**Record extracts**

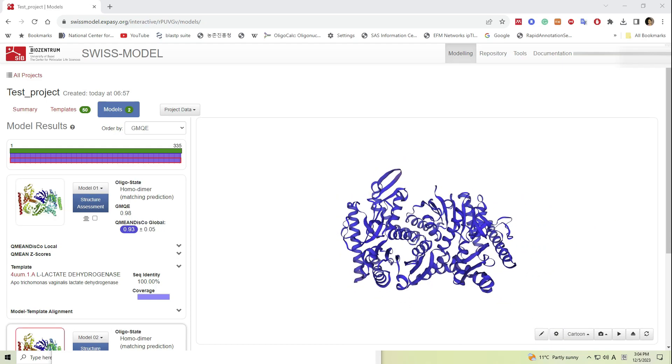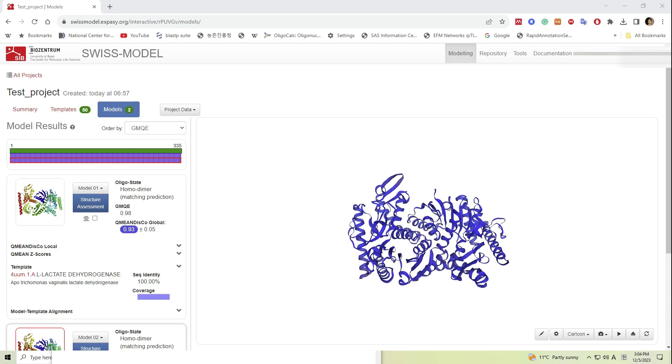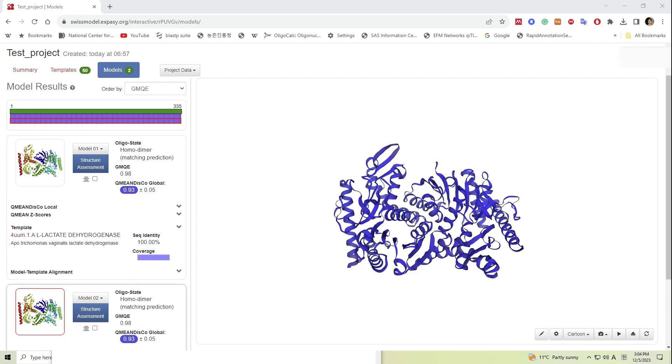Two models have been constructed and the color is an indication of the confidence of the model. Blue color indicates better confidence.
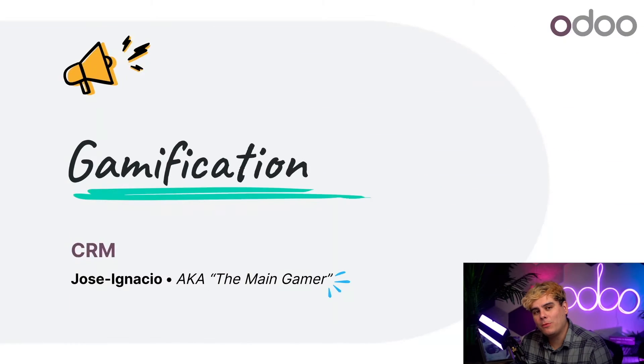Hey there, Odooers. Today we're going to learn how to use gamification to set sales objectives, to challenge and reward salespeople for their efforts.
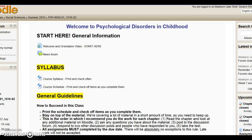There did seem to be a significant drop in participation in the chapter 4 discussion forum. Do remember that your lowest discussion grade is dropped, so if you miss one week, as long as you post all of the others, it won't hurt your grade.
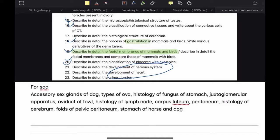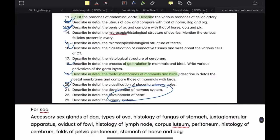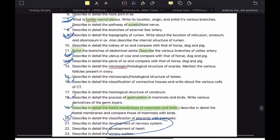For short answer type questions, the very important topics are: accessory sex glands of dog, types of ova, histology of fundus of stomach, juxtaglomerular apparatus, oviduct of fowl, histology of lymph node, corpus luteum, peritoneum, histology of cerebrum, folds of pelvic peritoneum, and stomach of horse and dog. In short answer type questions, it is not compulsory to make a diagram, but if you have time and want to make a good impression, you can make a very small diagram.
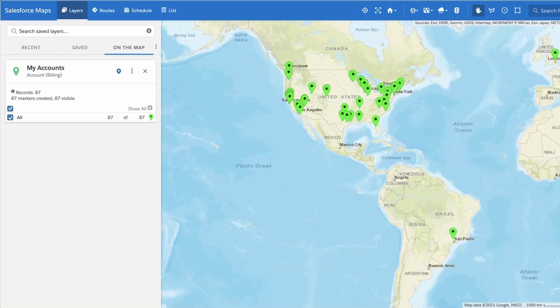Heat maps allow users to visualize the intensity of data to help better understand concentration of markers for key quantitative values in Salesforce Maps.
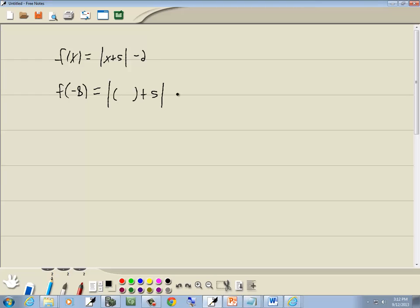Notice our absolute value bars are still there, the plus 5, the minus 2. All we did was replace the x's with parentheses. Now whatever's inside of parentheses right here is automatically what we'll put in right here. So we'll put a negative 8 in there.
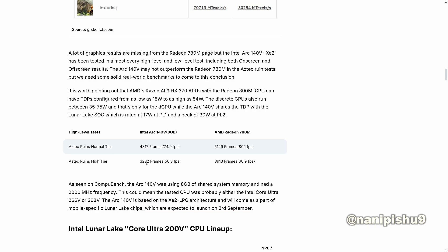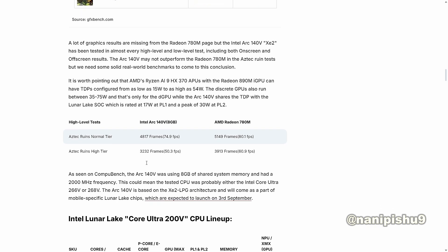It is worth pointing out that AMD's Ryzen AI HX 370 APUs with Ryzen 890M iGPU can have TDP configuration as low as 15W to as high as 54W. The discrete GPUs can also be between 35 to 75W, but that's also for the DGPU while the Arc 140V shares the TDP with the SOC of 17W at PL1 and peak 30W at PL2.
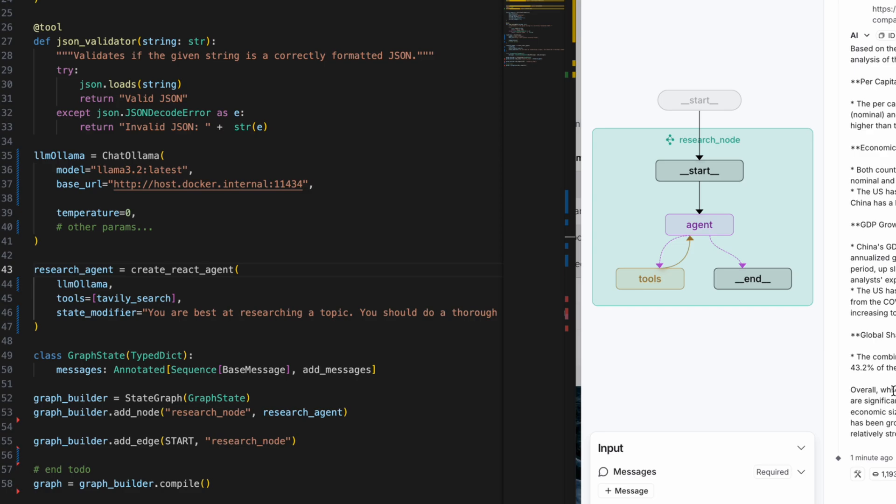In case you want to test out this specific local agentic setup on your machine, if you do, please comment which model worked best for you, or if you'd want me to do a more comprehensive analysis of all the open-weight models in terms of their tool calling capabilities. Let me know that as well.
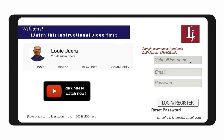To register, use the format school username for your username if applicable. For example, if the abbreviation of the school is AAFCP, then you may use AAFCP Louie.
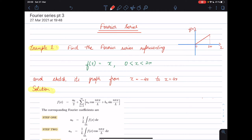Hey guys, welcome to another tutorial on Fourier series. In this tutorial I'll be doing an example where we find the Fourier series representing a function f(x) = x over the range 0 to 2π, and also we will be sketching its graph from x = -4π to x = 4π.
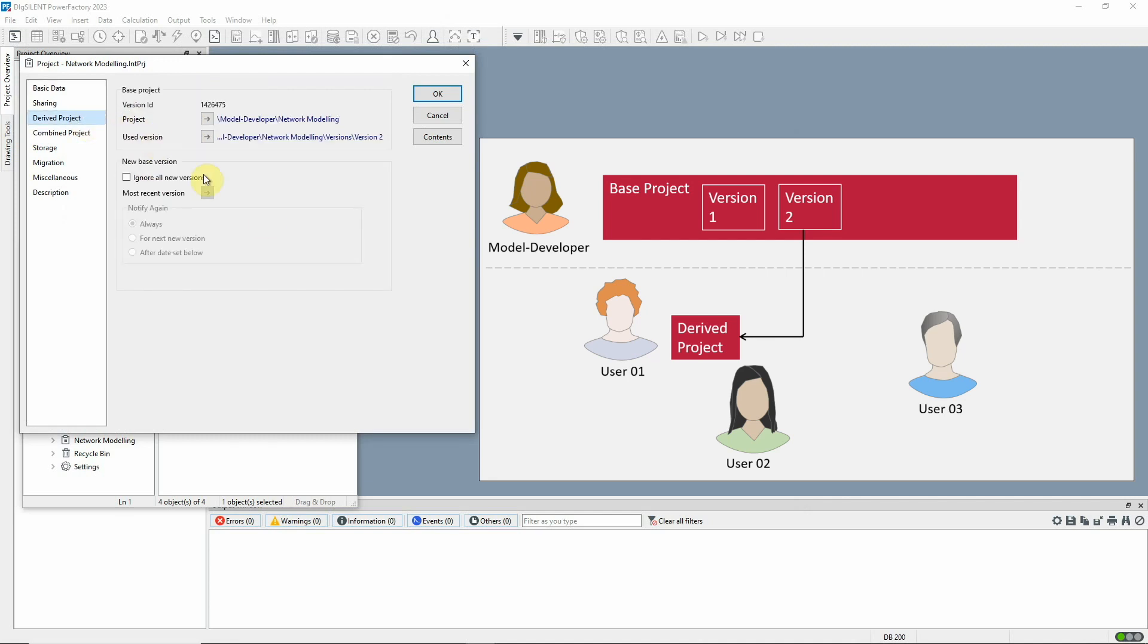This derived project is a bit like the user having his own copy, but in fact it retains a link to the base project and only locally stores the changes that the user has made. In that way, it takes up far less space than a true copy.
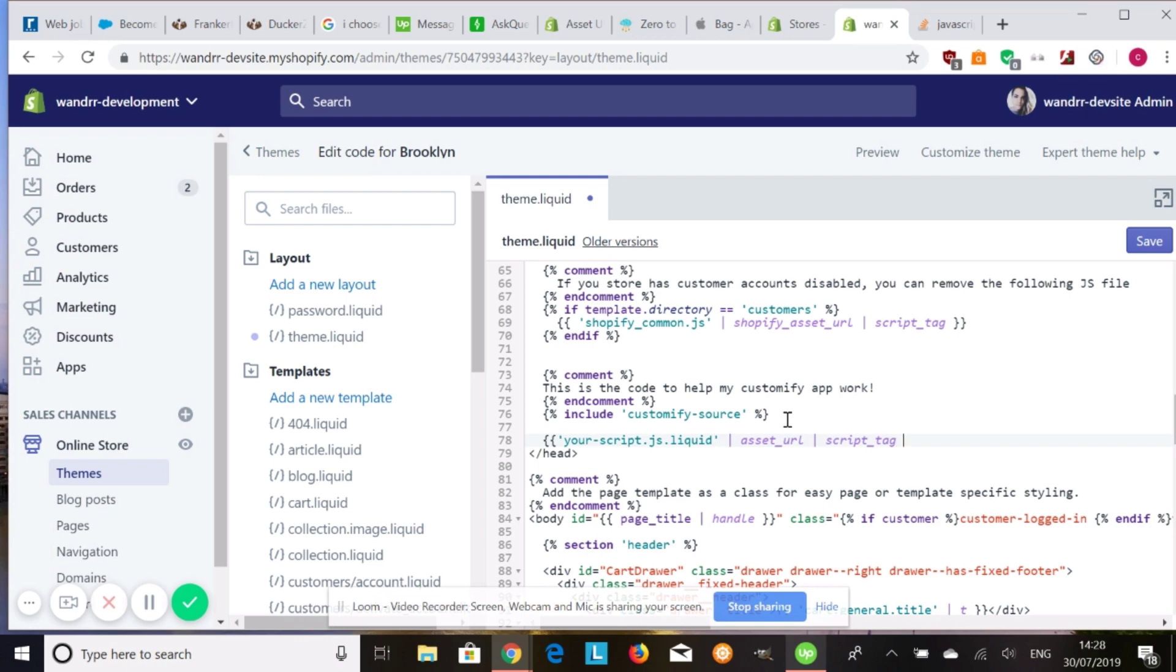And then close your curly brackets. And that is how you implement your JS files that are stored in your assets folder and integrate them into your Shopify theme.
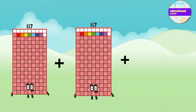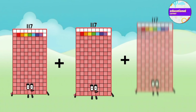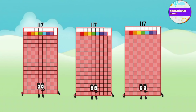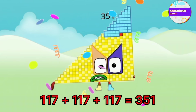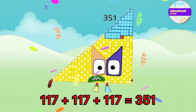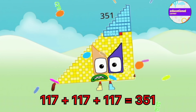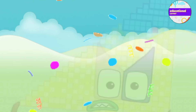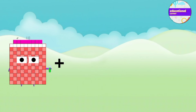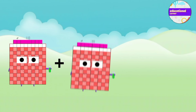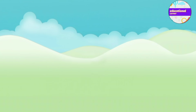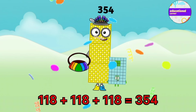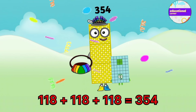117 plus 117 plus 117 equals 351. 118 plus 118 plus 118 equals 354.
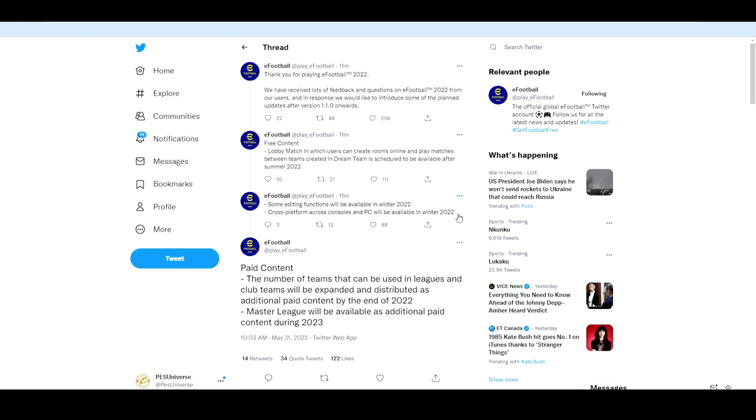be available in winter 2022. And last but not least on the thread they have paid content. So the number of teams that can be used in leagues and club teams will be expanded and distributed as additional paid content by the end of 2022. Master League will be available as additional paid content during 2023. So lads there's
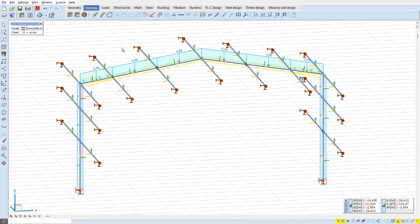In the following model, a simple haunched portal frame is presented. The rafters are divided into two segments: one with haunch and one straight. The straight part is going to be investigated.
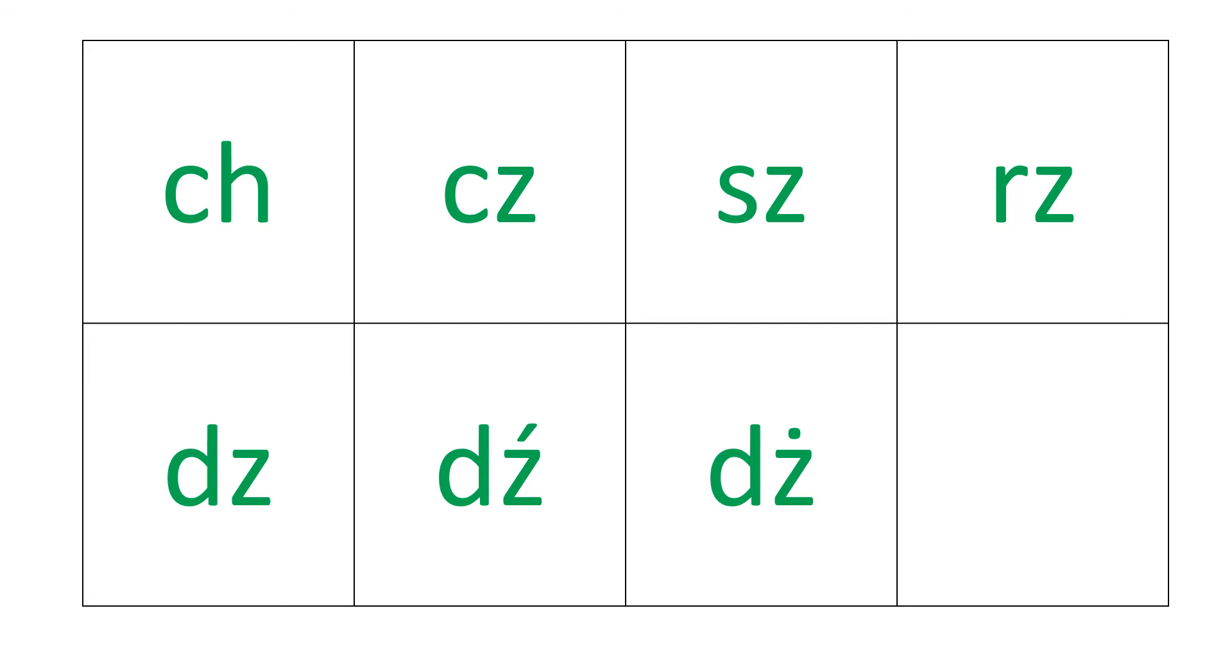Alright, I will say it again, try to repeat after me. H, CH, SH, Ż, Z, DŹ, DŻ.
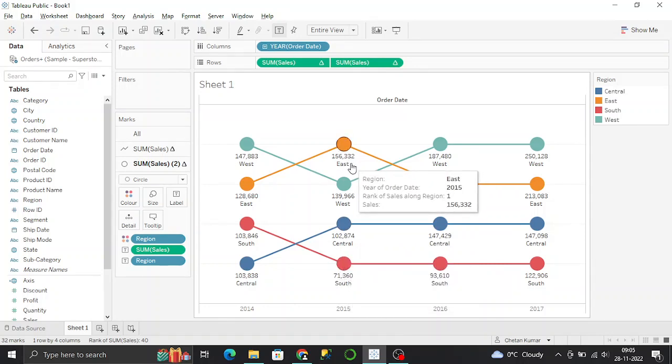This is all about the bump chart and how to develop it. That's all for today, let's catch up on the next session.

**Task brief**
Looking at the listing above, which lines run from the one containing "It is worth" through the one containing "be available in"? Print exactly those, ends included, pictures excluded.

**Response**
It is worth pointing out that AMD's Ryzen AI HX 370 APUs with Ryzen 890M iGPU can have TDP configuration as low as 15W to as high as 54W. The discrete GPUs can also be between 35 to 75W, but that's also for the DGPU while the Arc 140V shares the TDP with the SOC of 17W at PL1 and peak 30W at PL2.
In case you want to test out this specific local agentic setup on your machine, if you do, please comment which model worked best for you, or if you'd want me to do a more comprehensive analysis of all the open-weight models in terms of their tool calling capabilities. Let me know that as well.
To register, use the format school username for your username if applicable. For example, if the abbreviation of the school is AAFCP, then you may use AAFCP Louie.
Hey guys, welcome to another tutorial on Fourier series. In this tutorial I'll be doing an example where we find the Fourier series representing a function f(x) = x over the range 0 to 2π, and also we will be sketching its graph from x = -4π to x = 4π.
This derived project is a bit like the user having his own copy, but in fact it retains a link to the base project and only locally stores the changes that the user has made. In that way, it takes up far less space than a true copy.
And then close your curly brackets. And that is how you implement your JS files that are stored in your assets folder and integrate them into your Shopify theme.
117 plus 117 plus 117 equals 351. 118 plus 118 plus 118 equals 354.
be available in winter 2022. And last but not least on the thread they have paid content. So the number of teams that can be used in leagues and club teams will be expanded and distributed as additional paid content by the end of 2022. Master League will be available as additional paid content during 2023. So lads there's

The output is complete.